2023 Surron Ultra Bee Review


2023 Surron Ultra Bee Review

The Surron Ultra Bee electric motorcycle includes many features that you may expect on a high-end ADV bike, not a $6500 “entry-level” dirt bike. You have three engine performance maps, adjustable traction control, adjustable braking and coasting battery regeneration modes, adjustable throttle sensitivity, and even reverse—that is a lot of tech.
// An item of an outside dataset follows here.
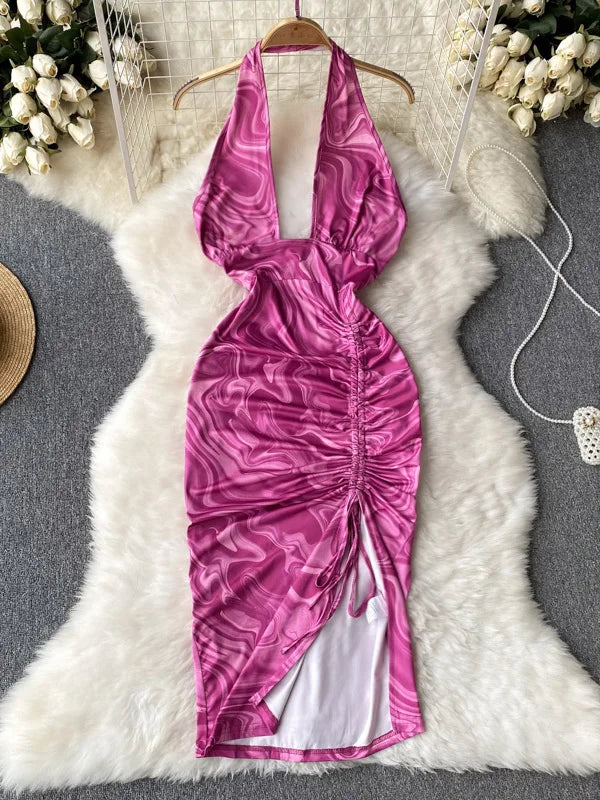 Ruched Pink Satin Halter Dress, Knee-length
Most importantly, though, on the trail, the Ultra Bee is competent and fun, even for experienced riders.

2023 Surron Ultra Bee electric trail bike
The Surron Ultra Bee is a little smaller than a typical trail bike, but a full-size adult will feel comfortable on it.

Photography by Sean Finley

If you are not yet familiar with Surron, the Chinese company has created a cultlike following worldwide for their Light Bee electric motorcycle, which was introduced in 2018 and is comparable to pit bikes. They have a few major upsides over internal combustion pit bikes; they are comparatively quieter and easier to work on with no air filters or oil to change and no fuel needed. So teenagers and teenagers at heart can quietly ride them in backyards and other open areas that would not be acceptable with more noise. We did a test on a  Surron Light Bee X and you read it HERE.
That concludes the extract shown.